A g. : on aperçoit, entre les arbres du square (aménagé en lieu et place du passage Léon et d'immeubles détruits dans les années 1970 et 1980, et bien plus tôt du moulin Fauvet et de sa guinguette), réaménagé en 1990 puis en 2006) :

- La fresque murale sur les immeubles mitoyens est de Bernard Heloua, qui a laissé les jeunes grapheurs du quartier réaliser le bas de son œuvre.

Eventuellement, à dr. :
On descend Boris Vian ; on croise… la croix de St-André des rues de Chartes/Charbonnière. De 1830 à l’annexion, La Chapelle, commune à laquelle la Révolution a rattaché la Goutte d’Or, ce faubourg rural et viticole, est passée de moins de 2 500 à 40 000 habitants. Cela s’est fait, entre autres, par le lotissement des rues de Chartres et de la Charbonnière, dont le tracé adopte la forme d’une croix de saint André pour rendre plus facile la pente.

Puis rue Fleury :

1, rue Fleury : Centre musical Fleury Goutte d'Or – Barbara Un équipement public unique à Paris, dédié aux Musiques Actuelles ouvert en février 2008]

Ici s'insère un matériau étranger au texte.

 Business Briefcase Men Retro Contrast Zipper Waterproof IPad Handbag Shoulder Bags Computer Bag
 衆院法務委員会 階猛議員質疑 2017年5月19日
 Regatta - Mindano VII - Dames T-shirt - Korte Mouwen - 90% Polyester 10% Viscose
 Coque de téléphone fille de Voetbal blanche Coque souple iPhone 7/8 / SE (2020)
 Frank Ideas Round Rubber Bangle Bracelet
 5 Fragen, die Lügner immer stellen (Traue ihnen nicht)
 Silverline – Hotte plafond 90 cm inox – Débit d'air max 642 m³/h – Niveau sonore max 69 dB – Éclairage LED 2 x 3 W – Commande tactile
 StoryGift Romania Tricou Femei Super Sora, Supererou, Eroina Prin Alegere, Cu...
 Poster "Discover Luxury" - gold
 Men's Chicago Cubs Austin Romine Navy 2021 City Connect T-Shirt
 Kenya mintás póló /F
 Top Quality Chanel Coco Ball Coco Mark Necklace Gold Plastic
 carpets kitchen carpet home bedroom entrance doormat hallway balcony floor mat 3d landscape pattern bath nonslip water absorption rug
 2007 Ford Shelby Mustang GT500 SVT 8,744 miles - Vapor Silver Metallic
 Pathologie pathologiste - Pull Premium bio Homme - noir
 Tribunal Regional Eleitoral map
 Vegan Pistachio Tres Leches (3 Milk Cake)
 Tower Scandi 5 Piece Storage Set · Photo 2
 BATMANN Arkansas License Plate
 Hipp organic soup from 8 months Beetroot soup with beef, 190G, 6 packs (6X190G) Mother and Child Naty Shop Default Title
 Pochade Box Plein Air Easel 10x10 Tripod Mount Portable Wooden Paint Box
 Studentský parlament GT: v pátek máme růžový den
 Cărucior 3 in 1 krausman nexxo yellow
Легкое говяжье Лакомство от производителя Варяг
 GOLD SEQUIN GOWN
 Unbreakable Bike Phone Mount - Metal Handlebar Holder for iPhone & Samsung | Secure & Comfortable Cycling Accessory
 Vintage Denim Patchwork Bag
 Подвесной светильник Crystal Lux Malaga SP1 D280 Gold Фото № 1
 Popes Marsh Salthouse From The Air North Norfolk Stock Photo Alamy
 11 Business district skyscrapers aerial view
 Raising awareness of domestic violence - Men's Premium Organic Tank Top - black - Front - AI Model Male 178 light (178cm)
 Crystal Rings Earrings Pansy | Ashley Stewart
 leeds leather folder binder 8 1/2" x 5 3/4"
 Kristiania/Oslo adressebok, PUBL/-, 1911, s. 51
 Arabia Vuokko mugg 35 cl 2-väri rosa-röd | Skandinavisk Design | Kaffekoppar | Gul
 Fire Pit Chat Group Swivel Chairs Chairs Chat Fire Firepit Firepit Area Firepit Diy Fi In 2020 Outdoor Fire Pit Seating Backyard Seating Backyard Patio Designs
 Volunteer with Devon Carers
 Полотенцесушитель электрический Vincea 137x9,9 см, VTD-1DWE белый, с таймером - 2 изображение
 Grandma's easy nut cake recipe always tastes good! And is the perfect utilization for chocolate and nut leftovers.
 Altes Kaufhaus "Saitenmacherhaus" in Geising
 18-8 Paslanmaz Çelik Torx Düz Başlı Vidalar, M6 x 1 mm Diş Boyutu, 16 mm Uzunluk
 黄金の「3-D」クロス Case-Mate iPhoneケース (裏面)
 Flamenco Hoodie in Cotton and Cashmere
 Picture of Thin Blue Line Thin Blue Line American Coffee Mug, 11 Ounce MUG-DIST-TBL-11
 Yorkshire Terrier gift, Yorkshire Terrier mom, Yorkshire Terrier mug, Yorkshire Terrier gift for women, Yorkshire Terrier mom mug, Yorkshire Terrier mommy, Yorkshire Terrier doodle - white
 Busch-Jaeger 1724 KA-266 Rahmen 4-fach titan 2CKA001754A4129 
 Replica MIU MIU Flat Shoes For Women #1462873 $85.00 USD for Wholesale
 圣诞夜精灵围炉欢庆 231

- fresque le long de l'école Saint-Luc : "les amoureux qui se bécotent...", de Geneviève Bachellier, artiste du quartier ;

On prend rue St-Luc, à gauche :

- l’église Saint-bernard, rue d’Alger quand est posée sa 1ère pierre en 1858 (auj. Affre), livrée au culte en 1861, d’abord comme annexe de St-Pierre de Montmartre ; néo-gothique en pierre de taille, toiture en ardoise dans le goût bourguignon. Par l’arrière, on voit les 2 sacristies et la chapelle de la Vierge, au couronnements pyramidaux : animation et variété des volumes extérieurs. Flèche de 60 m de haut. Elle a été, autour de 1996, le haut lieu du rassemblement des étrangers sans papiers. Dans le Square Saint-bernard, devant, dans les années 1930, la Phalange du 18e, groupe de théâtre ouvrier, faisait de l’agit-prop pendant le bal du 14 juillet, (Pour celui de 1931, la Phalange du 18e y a fait un lâcher de tracts) et accompagnait de ses chœurs parlés l’orateur du Secours Rouge International.